I’d always been their target anyway. “Why do you say that?”

“I thought you being divorced would keep you out of their line of vision. But frankly Danny’s appearance (FC 54) surprised me. Didn’t it?” Anjali said.

“Yes.” The only people who’d suggested remarriage were old friends of my parents. After meeting several divorcés, I had begged my parents to stop setting up the meetings. I had been a little confident then of finding someone on my own, but now it looked like I’d stay single forever. I turned around and saw Fish watching me quietly. I’d be an old maid, with old fish and maybe an aging parakeet. I wasn’t sure if Anjali or Genie would keep me company. I felt an uncomfortable weight in my stomach and my heart tightened painfully.

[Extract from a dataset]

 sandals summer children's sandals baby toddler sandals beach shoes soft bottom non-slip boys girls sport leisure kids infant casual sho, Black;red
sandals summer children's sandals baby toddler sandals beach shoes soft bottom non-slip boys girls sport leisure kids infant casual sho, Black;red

Anjali turned to look at me and put the binoculars down. “Let’s decide that by the time we’re 65 or 70, we’ll make serious plans to move nearer each other. Either you near me or me near you.”

I nodded. We had thought of this occasionally over the years. We were too young to think this far – being in our early 30s – but neither of us had parents or support of any sort.  

“What if you marry?” I asked.

“What if you marry?”

“We’ll keep the plan at the back of our minds. You and me, if all else fails.”

Anjali crawled out of the window box and sat on the window seat next to me. The boys upstairs continued to wave at us and finally we waved back and moved backwards and out of their view.

                                                              ******

This is a fictional series about the Mumbai-based narrator and her floating coterie.